[Pacemaker] [Problem] The attrd does not sometimes stop.
Andrew Beekhof
andrew at beekhof.net
Mon Jan 16 12:42:32 UTC 2012
On Mon, Jan 16, 2012 at 11:30 PM, Andrew Beekhof <andrew at beekhof.net> wrote:
> On Mon, Jan 16, 2012 at 11:27 PM, Andrew Beekhof <andrew at beekhof.net> wrote:
>> I know I could just apply the patch and be done, but I'd like to
>> understand this so it works for the right reason.
>>
>> On Mon, Jan 16, 2012 at 7:30 PM, Lars Ellenberg
>> <lars.ellenberg at linbit.com> wrote:
>>> On Mon, Jan 16, 2012 at 04:46:58PM +1100, Andrew Beekhof wrote:
>>>> > Now we proceed to the next mainloop poll:
>>>> >
>>>> >> poll([{fd=7, events=POLLIN|POLLPRI}, {fd=4, events=POLLIN|POLLPRI}, {fd=5, events=POLLIN|POLLPRI}], 3, -1
>>>> >
>>>> > Note the -1 (infinity timeout!)
>>>> >
>>>> > So even though the trigger was (presumably) set,
>>>> > and the ->prepare() should have returned true,
>>>> > the mainloop waits forever for "something" to happen on those file descriptors.
>>>> >
>>>> >
>>>> > I suggest this:
>>>> >
>>>> > crm_trigger_prepare should set *timeout = 0, if trigger is set.
>>>> >
>>>> > Also think about this race: crm_trigger_prepare was already
>>>> > called, only then the signal came in...
>>>> >
>>>> > diff --git a/lib/common/mainloop.c b/lib/common/mainloop.c
>>>> > index 2e8b1d0..fd17b87 100644
>>>> > --- a/lib/common/mainloop.c
>>>> > +++ b/lib/common/mainloop.c
>>>> > @@ -33,6 +33,13 @@ static gboolean
>>>> > crm_trigger_prepare(GSource * source, gint * timeout)
>>>> > {
>>>> > crm_trigger_t *trig = (crm_trigger_t *) source;
>>>> > + /* Do not delay signal processing by the mainloop poll stage */
>>>> > + if (trig->trigger)
>>>> > + *timeout = 0;
>>>> > + /* To avoid races between signal delivery and the mainloop poll stage,
>>>> > + * make sure we always have a finite timeout. Unit: milliseconds. */
>>>> > + else
>>>> > + *timeout = 5000; /* arbitrary */
>>>> >
>>>> > return trig->trigger;
>>>> > }
>>>> >
>>>> >
>>>> > This scenario does not let the blocked IPC off the hook, though.
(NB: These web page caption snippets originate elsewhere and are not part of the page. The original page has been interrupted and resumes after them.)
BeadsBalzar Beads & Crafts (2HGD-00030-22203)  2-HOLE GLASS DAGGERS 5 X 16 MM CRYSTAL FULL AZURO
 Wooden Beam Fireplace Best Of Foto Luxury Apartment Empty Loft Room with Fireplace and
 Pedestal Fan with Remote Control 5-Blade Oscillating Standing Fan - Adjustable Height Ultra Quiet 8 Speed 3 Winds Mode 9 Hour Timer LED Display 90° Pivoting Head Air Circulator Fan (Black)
>>>> > That is still possible, both for blocking send and blocking receive,
>>>> > so that should probably be fixed as well, somehow.
>>>> > I'm not sure how likely this "stuck in blocking IPC" is, though.
>>>>
>>>> Interesting, are you sure you're in the right function though?
>>>> trigger and signal events don't have a file descriptor... wouldn't
>>>> these polls be for the IPC related sources and wouldn't they be
>>>> setting their own timeout?
>>>
>>> http://developer.gnome.org/glib/2.30/glib-The-Main-Event-Loop.html#GSourceFuncs
>>>
>>> iiuc, mainloop does something similar to (oversimplified):
>>> timeout = -1; /* infinity */
>>> for s in all GSource
>>> tmp_timeout = -1;
>>> s->prepare(s, &tmp_timeout)
>>> if (tmp_timeout >= 0 && tmp_timeout < timeout)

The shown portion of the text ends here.